Josh Richardson rise with Miami Heat a lesson for young players everywhere

When Josh Richardson came off a screen in San Antonio on Wednesday and received the basketball, he heard the sweetest word come from a top-coached NBA team, a word no one had said to him outside an occasional playground game:

"Shooter!" a few of San Antonio's defenders shouted.

You want to measure how far Richardson has come? What the 40th pick in the draft last June has shockingly emerged to be? How a master strategist like Spurs coach Gregg Popovich views him?

Suddenly, Richardson is the targeted "shooter" to defend. Suddenly, he's the guy teams fear on the outside. Suddenly, too, he's dealing with success, and so in relating this story a smile flashes across his face even as his words say something else.

"It's cool, but I've just got to keep working," he said.

This is a story you don't hear enough in sports. You hear of great talent. You hear of athletic freaks. But Richardson became this good of a shooter this fast in his rookie season by realizing one day he wasn't very good.

That particular day, a NBA scout asked him bluntly, "Why do you shoot like that?"

"I don't know, that's how I've always shot," Richardson said.

For the first time, he heard why he was a mediocre 31 percent shooter even from college's closer 3-point line. His elbow stuck out as he shot. His head leaned to the left. His hips, too, twisted to the left.

Richardson didn't shrug and say this form got him through four good years at Tennessee and to the edge of the NBA.

"I changed my technique pretty drastically," he said.

This, then, is a story of hours in the gym. Of hundreds of shots taken daily even before he was drafted.
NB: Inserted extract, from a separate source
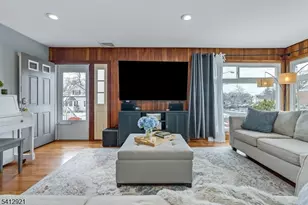 381 Dogwood Dr, Union Township, NJ 07083 - Photo 3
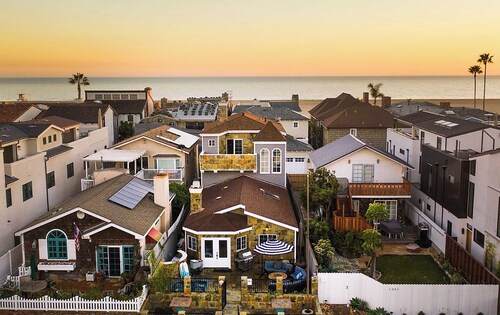 Sand Castle by Avantstay Beach House on Balboa Peninsula w/ Patio & Hot Tub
Of working on specific items with Heat assistant Chris Quinn as his personal tutor as the franchise's program entails.

"The first things I worked on after getting drafted were shooting off a screen and ball handling," he said.

It's a story of being demoted twice to the Development League earlier this season, of playing in 13 of the Heat's first 37 games and of continually putting in a scripted workout beyond the normal practice.

Richardson won't tell what those private workouts specifically entail.

"I've got to keep that secret," he says.

But each day after practice he shoots dozens of 3-point shots in a contest with veteran Joe Johnson. He also works out with fellow rookie Justise Winslow on off-days as veterans rest bodies.

"They're in the gym all the time together," Heat coach Erik Spoelstra said. "On the road, they'll find gyms on off-days. I don't even know where they go. But they're working on shooting, ball handling, finishing."

Good pro teams draft well. Great ones develop players into gems. Since the loss of LeBron James two seasons ago, the Heat has developed a youthful bridge to the future in Hassan Whiteside, Richardson, Winslow and the injured Tyler Johnson.

"It's all about work," Richardson said.

Lots of players talk of hard work in sports. It's to the point you often can't tell the hard workers from the hard talkers. But the proof is in Richardson's game. The mediocre college shooter has scored in double figures in seven of the past nine games and his 47.9 percentage leads the league among players taking at least two 3-point shots a game.

Since being injected into a regular role after the All-Star break, he's made 60.3 percent (35-of-58) of his 3-pointers. And he's not a one-dimensional player. He threw down another driving dunk Friday in a win against Orlando. And there's his defense.

"That's a given part of my game," he said.

The rest is a lesson to young players everywhere. Sometimes you can be close to your dream and have to change to reach it.